### Exercise:
Your answer must restate the listing below word for word and contain no images.

### Given material:
------------------------
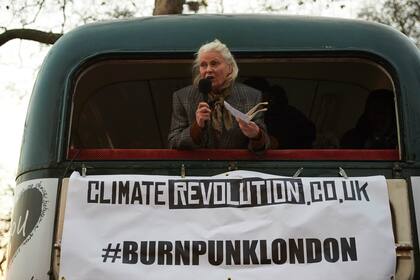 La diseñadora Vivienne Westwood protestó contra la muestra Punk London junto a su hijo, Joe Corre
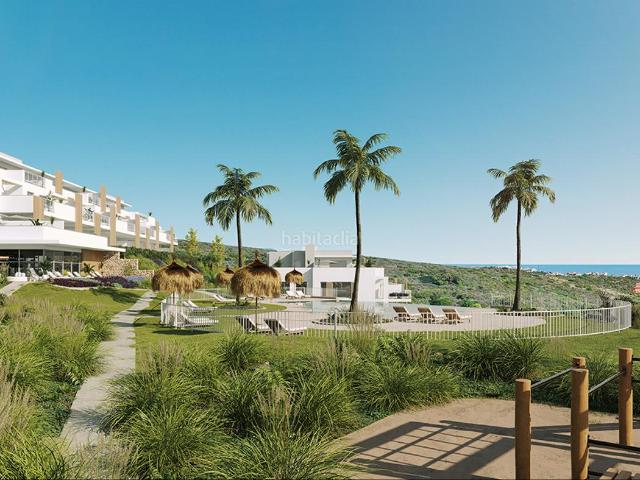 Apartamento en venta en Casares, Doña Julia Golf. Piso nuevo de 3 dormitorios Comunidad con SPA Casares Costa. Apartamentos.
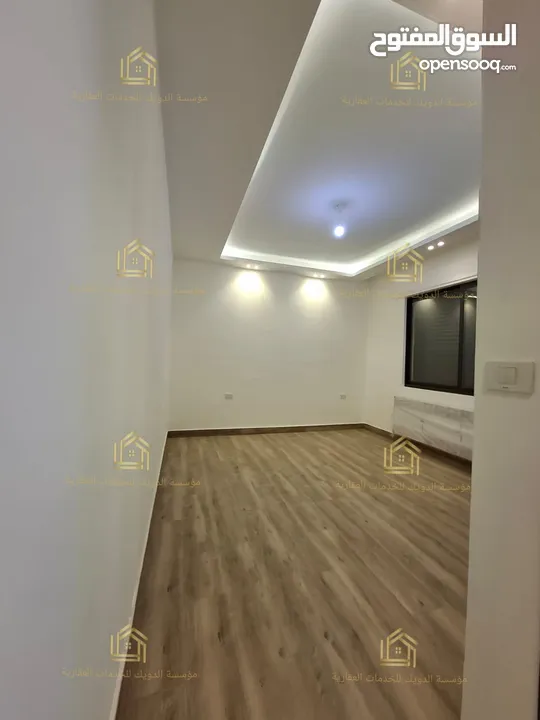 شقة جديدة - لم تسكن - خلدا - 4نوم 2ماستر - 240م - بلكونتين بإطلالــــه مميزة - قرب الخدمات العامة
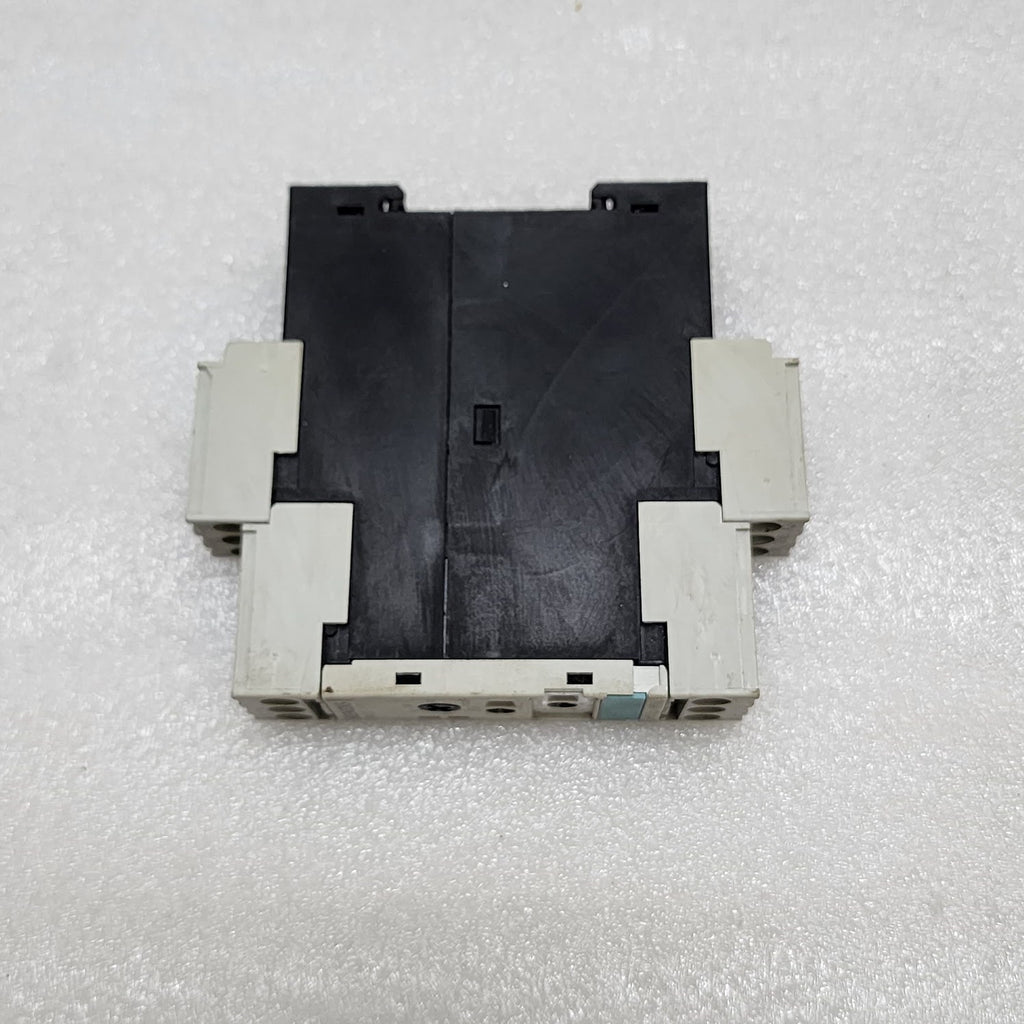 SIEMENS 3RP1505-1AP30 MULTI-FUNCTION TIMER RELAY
------------------------
### Completed task:
 La diseñadora Vivienne Westwood protestó contra la muestra Punk London junto a su hijo, Joe Corre
 Apartamento en venta en Casares, Doña Julia Golf. Piso nuevo de 3 dormitorios Comunidad con SPA Casares Costa. Apartamentos.
 شقة جديدة - لم تسكن - خلدا - 4نوم 2ماستر - 240م - بلكونتين بإطلالــــه مميزة - قرب الخدمات العامة
 SIEMENS 3RP1505-1AP30 MULTI-FUNCTION TIMER RELAY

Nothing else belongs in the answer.